When barbecuing, NOTHING equals a wood or charcoal heat source, NOTHING. Of course there are going to be nay-sayers, pseudo-scientists and pseudo-philosophizers and all manner of malignant thinkers out there who are going to protest and offer numerous reasons why propane is just as good as charcoal or wood. Well guess what? I'm not listening because I know better.

Nothing can impart the flavors on food that wood and charcoal do, especially not a smelly gas like propane. Sure it's cleaner and convenient but so is masturbation compared to the real thing, and I don't know about you, but you can put me in the "real thing" column when asking folks what they prefer.

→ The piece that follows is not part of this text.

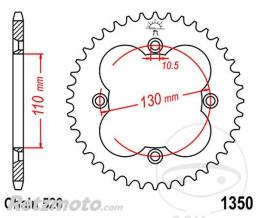 JT SPROCKETS Couronne 42 Dents Pas 520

If you own a propane grill, stop using it, fill it with dirt and grow geraniums in it. Then go out and get yourself a well-made, sturdy barbecue like a Weber or Charbroil. That's what I finally did (well, except for the geranium part), and I have no regrets because the results are remarkable.

If you do take this sound advice and come over to the purist ranks, seriously consider the charcoal and wood you're going to use. You wouldn't put regular fuel in a Maserati and you can't use those uniform futuristic-looking briquettes in a good barbecue. They are processed and covered with chemicals to make them burn uniformly, and well, you might as well use propane if you're going to use them.

Look for the good chunky and irregular (naturally) shaped stuff that comes in big bags. You'll find these burn hotter and impart a better flavor on the food you prepare with them. Do a little research on the subject and you'll see what I mean. It also doesn't hurt to investigate the best barbecue and ribs joints and see how they're cooking. If they're the best, I know what's burning in their kitchens!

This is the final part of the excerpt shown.